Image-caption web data
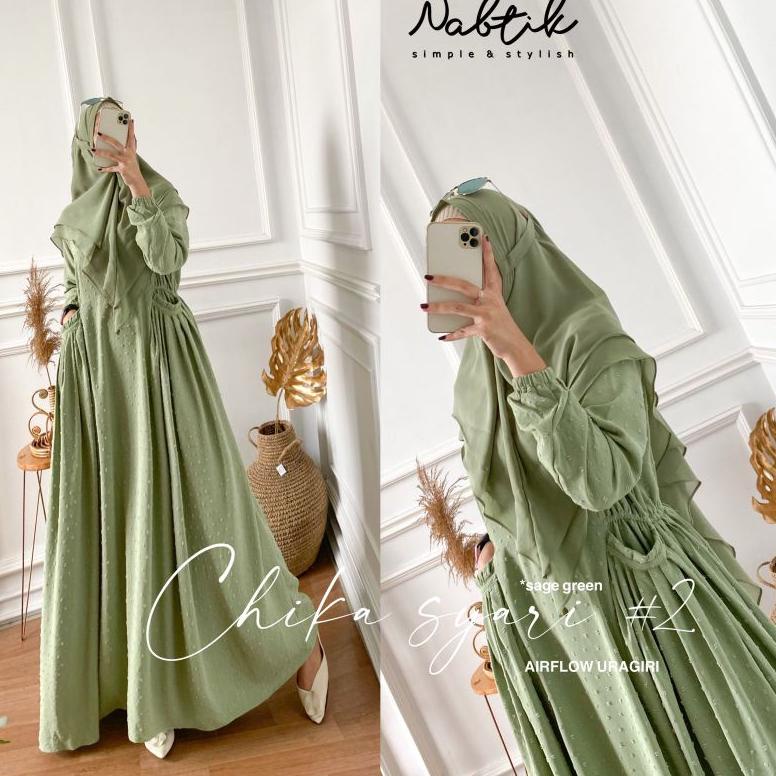 CHIKA SYARI #2  By NABTIK gamis airflow uragiri LD 110 Gamis syari –NLA.31My22ᶠ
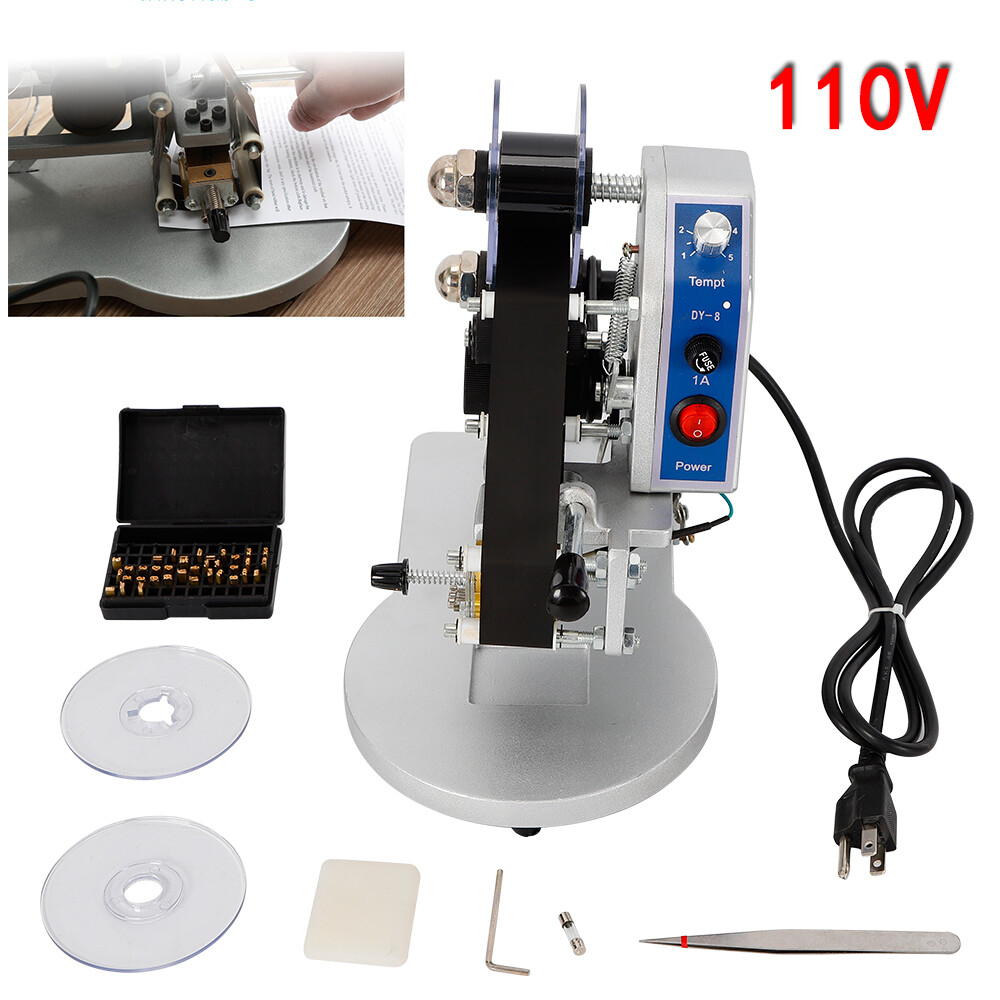 Hot Stamp Printer Manual Ribbon Coding Hot Foil Stamping Date Code Tool 110V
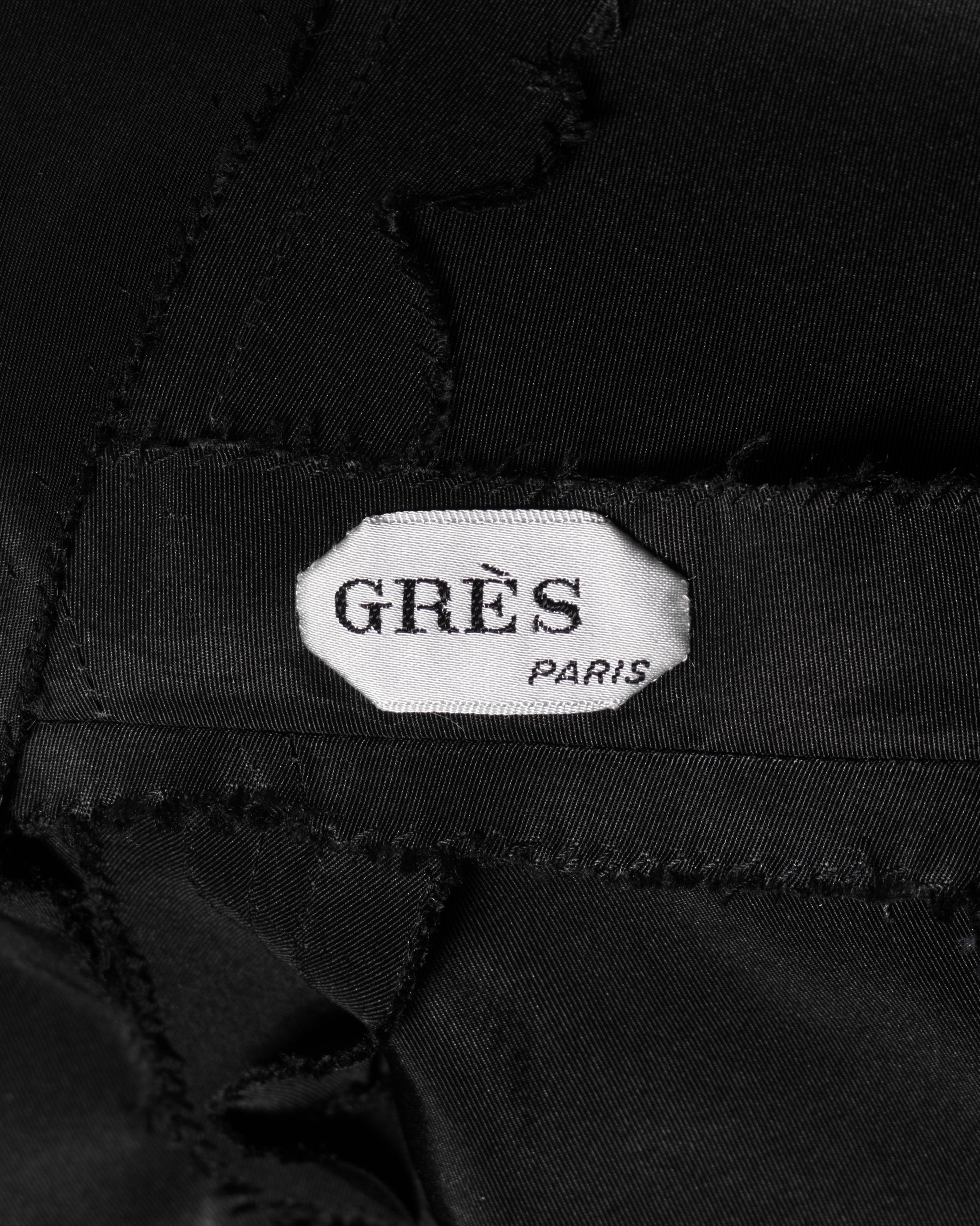 Madame Grès Haute Couture Black Silk Faille Evening Dress, c. 1965 11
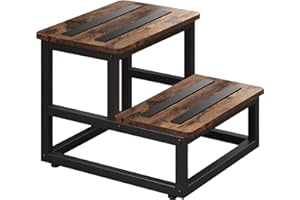 VonDream 2 Tier Step Stools for Adults with Non-Slip Stickers, Heavy Duty Bed Steps for High Beds,Kitchen Step Stool,Wide Wooden Step Stools for Kids, Step Stool for RV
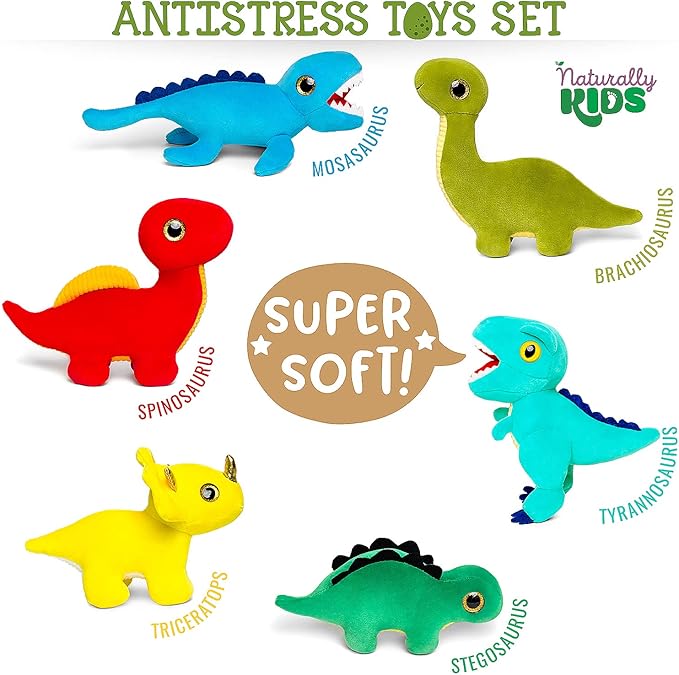 Naturally KIDS Stuffed Animal, Toddler Gifts for Boys, Girls, Plush Dinosaur Toys Set 6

▸ Exercise directions
Reproduce nothing but the lines running from the line with "Hot Stamp Printer" through the end of the records, keeping both end lines and dropping the pictures.

▸ Solution below
 Hot Stamp Printer Manual Ribbon Coding Hot Foil Stamping Date Code Tool 110V
 Madame Grès Haute Couture Black Silk Faille Evening Dress, c. 1965 11
 VonDream 2 Tier Step Stools for Adults with Non-Slip Stickers, Heavy Duty Bed Steps for High Beds,Kitchen Step Stool,Wide Wooden Step Stools for Kids, Step Stool for RV
 Naturally KIDS Stuffed Animal, Toddler Gifts for Boys, Girls, Plush Dinosaur Toys Set 6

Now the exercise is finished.